Problem requirements: With the pictures omitted, set down exactly the lines from the one that contains "Ель колючая сизая" through the last line of the data.

Supplied material:
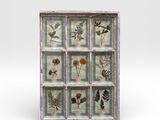 a picture of an old window with pressed flowers in it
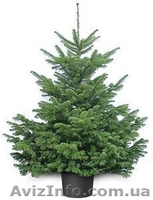 Ель колючая сизая (голубая ель) – формированные растения.  - <ro>Изображение</ro><ru>Изображение</ru> #1, <ru>Объявление</ru> #146428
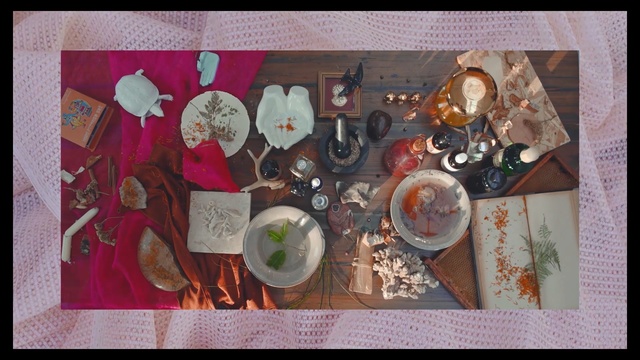 Video Reference: Still life, Painting, Art, Photography, Still life photography, Visual arts, Collage, Artwork, Person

Worked solution:
 Ель колючая сизая (голубая ель) – формированные растения.  - <ro>Изображение</ro><ru>Изображение</ru> #1, <ru>Объявление</ru> #146428
 Video Reference: Still life, Painting, Art, Photography, Still life photography, Visual arts, Collage, Artwork, Person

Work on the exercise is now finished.